Have you ever noticed that in most movies when the characters use a computer, it's usually an Apple? Kudos to Apple's product placement division, but it has become so standard that when I see a film that's distributed by Sony -- like The Social Network -- it's downright shocking to witness an on-screen world where all of the characters use Sony Vaios for their computing and Internet needs. So when I was re-watching David Fincher's Oscar contender over the weekend, I wasn't too surprised to see the film littered with Sony product placement...except for that one time when Mark Zuckerberg's Macbook was smashed into a million pieces.

OK, to be fair, it wasn't like I was completely focused on the individual computers being used in every scene before I noticed the MacBook being smashed into oblivion, but still: Is Sony trying to send a message to Apple? In an attempt to answer this, I went back through The Social Network and made a record of what brand of computers were being used in what situation.
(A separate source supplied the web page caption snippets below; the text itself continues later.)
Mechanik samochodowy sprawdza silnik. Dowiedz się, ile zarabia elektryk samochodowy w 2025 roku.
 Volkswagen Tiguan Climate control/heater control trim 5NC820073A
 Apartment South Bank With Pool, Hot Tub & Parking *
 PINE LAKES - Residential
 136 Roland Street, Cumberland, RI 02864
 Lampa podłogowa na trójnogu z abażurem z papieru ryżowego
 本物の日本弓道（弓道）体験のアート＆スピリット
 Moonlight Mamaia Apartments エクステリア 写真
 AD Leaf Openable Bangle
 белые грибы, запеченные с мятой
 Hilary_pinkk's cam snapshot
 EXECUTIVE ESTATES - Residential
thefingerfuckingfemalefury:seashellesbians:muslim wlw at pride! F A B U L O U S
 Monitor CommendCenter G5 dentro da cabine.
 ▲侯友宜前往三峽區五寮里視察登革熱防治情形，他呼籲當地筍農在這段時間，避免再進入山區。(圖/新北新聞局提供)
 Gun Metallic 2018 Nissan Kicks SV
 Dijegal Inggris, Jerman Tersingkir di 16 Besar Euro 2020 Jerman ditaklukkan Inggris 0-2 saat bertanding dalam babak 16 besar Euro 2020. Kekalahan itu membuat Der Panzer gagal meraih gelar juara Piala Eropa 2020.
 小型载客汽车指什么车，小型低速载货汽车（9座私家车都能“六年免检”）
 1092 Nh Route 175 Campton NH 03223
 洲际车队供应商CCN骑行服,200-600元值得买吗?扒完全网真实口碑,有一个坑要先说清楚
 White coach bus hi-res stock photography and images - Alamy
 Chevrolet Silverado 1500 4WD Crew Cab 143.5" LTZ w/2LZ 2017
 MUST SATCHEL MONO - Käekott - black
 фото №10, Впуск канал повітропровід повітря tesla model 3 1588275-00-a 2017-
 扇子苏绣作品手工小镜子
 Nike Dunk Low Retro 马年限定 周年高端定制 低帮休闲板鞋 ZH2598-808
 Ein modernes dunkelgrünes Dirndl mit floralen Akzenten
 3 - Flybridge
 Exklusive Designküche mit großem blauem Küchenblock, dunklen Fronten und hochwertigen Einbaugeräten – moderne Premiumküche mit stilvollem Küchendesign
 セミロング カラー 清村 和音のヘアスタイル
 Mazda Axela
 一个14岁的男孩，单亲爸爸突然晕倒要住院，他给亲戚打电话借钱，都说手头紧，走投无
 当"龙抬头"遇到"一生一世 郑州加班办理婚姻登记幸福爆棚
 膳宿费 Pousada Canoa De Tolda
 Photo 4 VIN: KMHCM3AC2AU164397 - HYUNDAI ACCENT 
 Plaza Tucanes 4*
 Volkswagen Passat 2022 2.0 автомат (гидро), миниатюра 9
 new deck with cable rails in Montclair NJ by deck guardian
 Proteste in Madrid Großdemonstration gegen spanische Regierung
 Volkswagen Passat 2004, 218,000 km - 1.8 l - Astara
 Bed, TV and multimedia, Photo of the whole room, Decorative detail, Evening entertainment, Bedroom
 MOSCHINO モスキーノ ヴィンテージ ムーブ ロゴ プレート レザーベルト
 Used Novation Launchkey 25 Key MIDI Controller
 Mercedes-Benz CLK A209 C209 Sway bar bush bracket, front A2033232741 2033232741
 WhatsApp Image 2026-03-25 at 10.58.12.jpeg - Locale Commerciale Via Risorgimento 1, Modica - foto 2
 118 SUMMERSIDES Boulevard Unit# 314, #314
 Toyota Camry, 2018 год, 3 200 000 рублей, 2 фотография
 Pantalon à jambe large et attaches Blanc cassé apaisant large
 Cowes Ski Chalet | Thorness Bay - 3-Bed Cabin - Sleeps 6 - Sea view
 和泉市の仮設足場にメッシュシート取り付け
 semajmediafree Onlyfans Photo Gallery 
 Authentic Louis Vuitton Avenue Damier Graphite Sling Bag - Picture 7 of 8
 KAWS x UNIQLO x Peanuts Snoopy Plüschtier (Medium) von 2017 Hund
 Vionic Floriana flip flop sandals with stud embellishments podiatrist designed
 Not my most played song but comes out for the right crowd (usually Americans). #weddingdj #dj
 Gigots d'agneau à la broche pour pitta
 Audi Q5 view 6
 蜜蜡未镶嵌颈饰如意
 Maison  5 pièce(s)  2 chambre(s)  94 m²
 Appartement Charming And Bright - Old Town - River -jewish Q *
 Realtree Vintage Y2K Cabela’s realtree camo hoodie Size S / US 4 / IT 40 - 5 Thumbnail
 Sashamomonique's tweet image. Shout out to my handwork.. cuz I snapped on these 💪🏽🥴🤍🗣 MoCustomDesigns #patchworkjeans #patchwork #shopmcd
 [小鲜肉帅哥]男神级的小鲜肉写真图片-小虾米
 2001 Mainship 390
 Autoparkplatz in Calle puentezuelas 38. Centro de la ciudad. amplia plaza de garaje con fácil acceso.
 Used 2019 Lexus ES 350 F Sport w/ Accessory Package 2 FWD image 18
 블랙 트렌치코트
What does Sony's product placement division think of you, based on the computer you use? Let's find out!

Early in the film when Mark starts blogging about his terrible date, and decides -- in a bit of a drunken haze -- to create Facemash, we discover that our hero, Mark, has two computers uses a Samsung Syncmaster monitor and a Sony computer.

During the long montage of Harvard students logging onto Facemash, ranking girls by their attractiveness, a group of "brahs" huddle around our first Mac sighting. During this montage of questionable human behavior, the word "Sony" is never visibly show, but a portion of the Mac logo is front and center.

In the scene where Mark is inspired to add "relationship status" to Facebook, he's seen in the computer lab working on a Proview (monitor).

When the Winklevoss twins are deciding how to respond to Mark's launch of Facebook -- a scene with the now famous line, "I'm 6'5″, 220 pounds, and there are two of me" -- there's an unidentified Windows-based laptop shown in a close-up.

When we are first introduced to Sean Parker, he checks his email on the laptop owned by the Stanford one-night stand he just slept with. She uses an iBook.

As far as I can tell, most of the fictional Facebook offices are equipped with Windows based computers. Except for Mark, who -- for the first time in the film -- we see clearly using a MacBook. It's also of note that this is the scene in which Eduardo Saverin realizes that he's been screwed out of the company that he helped found, the scene in which Mark has finally fully crossed to the dark side -- and now he's a Mac user. Of course, it's the MacBook that finds itself destroyed after an angry Eduardo smashes it on Mark's desk. Maybe the Sony Vaio is just so indestructible that, for dramatic license, they had to show the MacBook being annihilated?

And the last scene of the film. Mark tries to "friend" his ex-girlfriend, Erica, as we pan out to see the Sony logo and a now slightly regretful Mark Zuckerberg.